Fazendo uma análise contida, encontro diversos elementos que demonstram fragilidade nos argumentos e nas justificativas para a iniciativa. Ninguém se opõe a investigações irrestritas, mas sempre pelos motivos certos e pelos meios constitucionais que existem. Pra se ter ideia, o ministro associa os supostos crimes a quem usou o MEC e as autarquias (certamente referindo-se às universidade federais), embora reconheça que os indícios apontam principalmente para irregularidades no Sistema S e nas instituições particulares de ensino superior. Ou seja, o único efeito prático desse circo midiático foi derrubar o preço das ações das gigantes do mercado da educação.

São medidas malucas como essas que levam a outras, essas sim que têm impacto direto na rotina de estudantes e de todos na comunidade-escola. Essa mesma mania de criminalização das ações sociais no campo da educação provocou recentemente uma tragédia. A guerra ideológica dentro dos “muros” da universidade é forte pista de que as coisas não andam bem na arena política. O que deveria ser exceção, em casos de flagrante perigo social, se torna a regra no faroeste da política rasteira.

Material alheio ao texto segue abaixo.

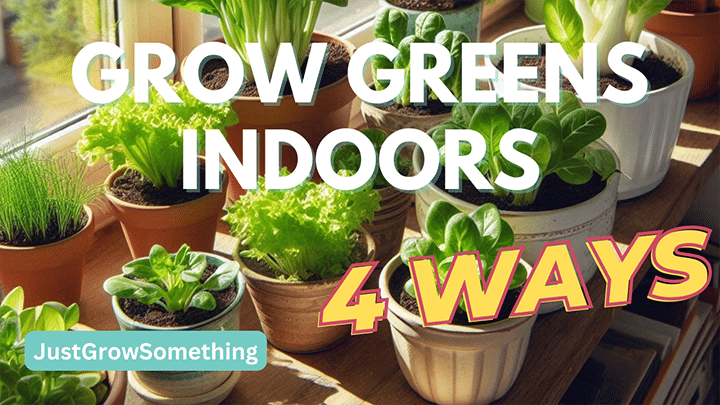 Grow Greens Indoors: 4 Simple Methods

Como salvar a própria pele é a lei natural, já começam a aparecer os intelectuais alinhados com as novas diretrizes. Exemplo está na UFF, que baixa portaria (n° 63.083 de 11/02/2019) para institucionalizar uma assessoria ao gabinete do reitor, com a finalidade de estabelecer intercâmbios com o Ministério da Defesa e com as Forças Armadas. A reação imediata na comunidade universitária interna foi de apreensão e desconfiança. É fato que parcerias dos setores da saúde e das engenharias (da UFF) com as Forças Armadas já são efetivadas há anos, porém no momento atual as suspeitas são de aparelhamento dos militares nos quadros da universidade. A associação dos docentes, por exemplo, demonstra grande preocupação com as vias que foram utilizadas para viabilizar a medida. Não sem razão, editar portaria da reitoria sem consulta à comunidade, com a finalidade de estreitar exclusivamente a relação da reitoria com os militares, só poderia mesmo resultar em polêmica – no mínimo.

Sinceramente, procurava um tema em educação para comentar nessa semana, mas não imaginava que teria que tratar das ingerências sobre o campo. Há semanas fico ansioso por mobilizar meus conhecimentos e minha experiência, na escola e na universidade, para discutir ideias e ações da “nova era” no Ministério da Educação. Infelizmente, tudo que encontrei até hoje me faz crer que o ministério se transformou num puxadinho da comunicação oficial, uma correia de transmissão na engrenagem que procura moinhos de vento para disfarçar a falta de noção e foco. O conhecimento técnico pedagógico está totalmente ausente, tanto no “bate papo com o professor” quanto nas negociações com os outros ministérios. Em regimes de exceção, a criminalização do espaço escolar sempre começa de forma individualizada, mas sempre atinge toda instituição educacional e costuma comprometer o livre pensar de muitas gerações.